Retaliation is illegal, against Commandant Policy and the Coast Guard core values, and is detrimental to unit cohesion. If workplace retaliation is tolerated, it could prevent employees from reporting issues, undermine the Coast Guard complaint process, and ultimately condone a workplace that does not support the Commandant's Equal Opportunity Policies. So how can supervisors be sure to avoid instances of retaliatory behavior? Here are a few tips and best practices for supervisors and managers to help prevent retaliation:
- Understand that filing a complaint is the member's or employee's due process for addressing their issues.
- Know that it is a supervisor's responsibility to stop, address, and prevent retaliation.

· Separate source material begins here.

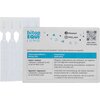 Miniaturansicht: bitopEQUI Bi-medEctoin easy breathe Ampullen – Ansicht 4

- Educate your employees about retaliation and that it's prohibited. Having an educated workforce who are aware of and understand their rights is beneficial for the entire service. Reviewing the Coast Guard Civil Rights Manual is a great place to start.
- Assure employees that supervisors will not punish them for actions protected by law or Coast Guard policy. It is in leadership's best interest to maintain a healthy and compliant work environment where employees feel comfortable reporting discrimination.

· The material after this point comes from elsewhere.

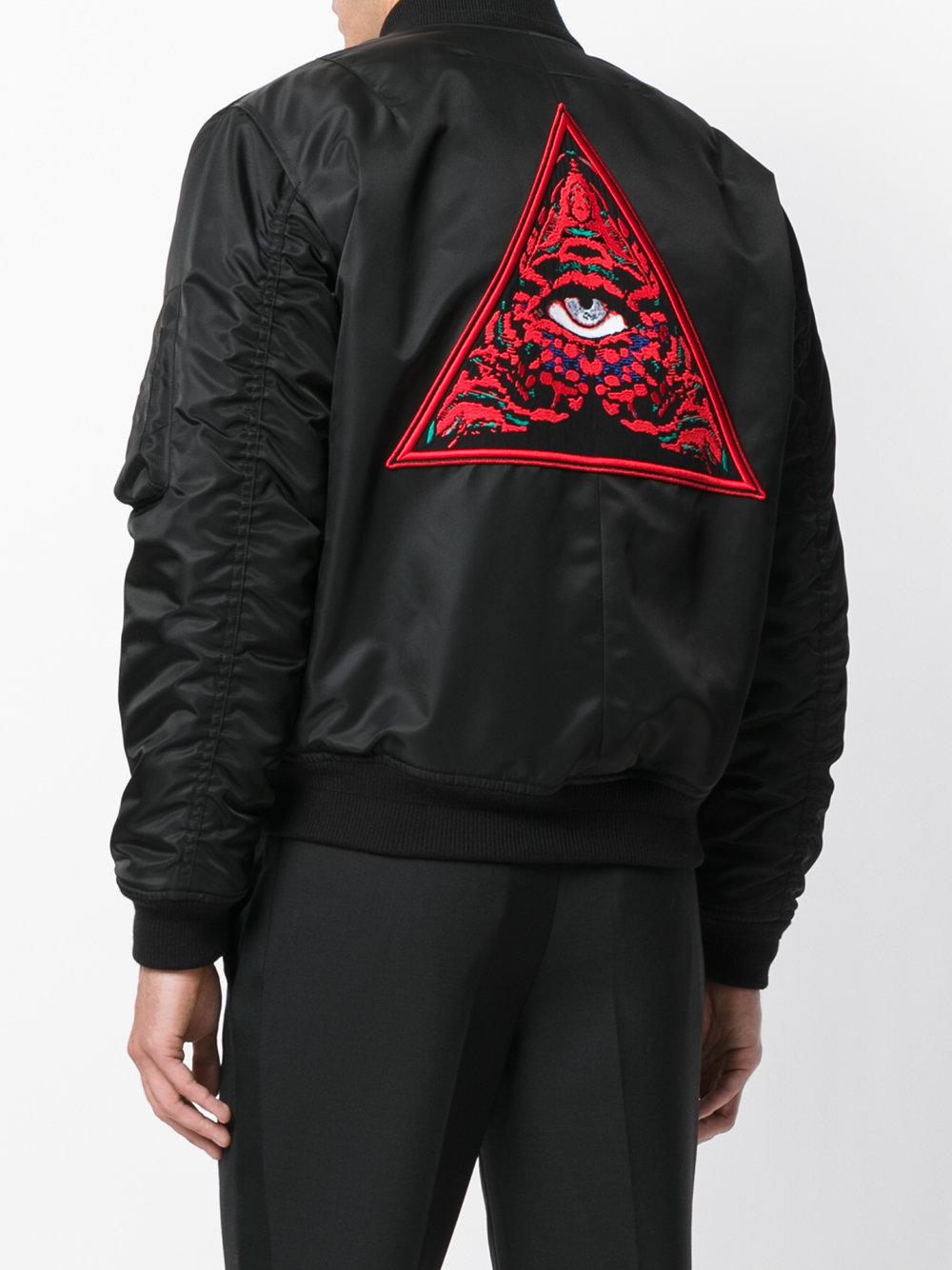 Givenchy illuminati shop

- Respond to discrimination questions, concerns, and complaints promptly and effectively. Coast Guard Civil Rights Service Providers (CRSPs) are available to help military members and civilian employees understand civil rights processes.
- Hold employees accountable for complying with and enforcing the Coast Guard's discrimination rules and policies.
- Be transparent. When/if necessary, explain to your employee how you reached a decision or implemented an action that affected them. Problems arise when an employee feels unaware or "in the dark" regarding a decision that impacts the employee.
Before making an employment decision that may negatively affect an employee who reported discrimination, assisted with a discrimination investigation or lawsuit, or opposed discrimination, ask yourself:
- Am I holding this employee to stricter performance or behavioral standards now than I did before they filed a discrimination complaint, assisted with a discrimination investigation or lawsuit, or opposed discrimination?
- Am I treating this employee differently than other employees who have broken similar rules?
- Am I treating this employee differently than other employees with similar skills, abilities, or accomplishments?
If the answer to these questions is "yes," or if your decision is inconsistent with your past behavior or practices, determine whether you can support your decision consistent with the law or policy.
The total Coast Guard workforce must provide and engage in a fair and structured outlet to report, prevent, or process allegations of discrimination. Awareness of rights, supervisory responsibilities, civil rights law, and policies will reduce perceptions of retaliation and ensure compliance with the Commandant's Equal Opportunity Policy.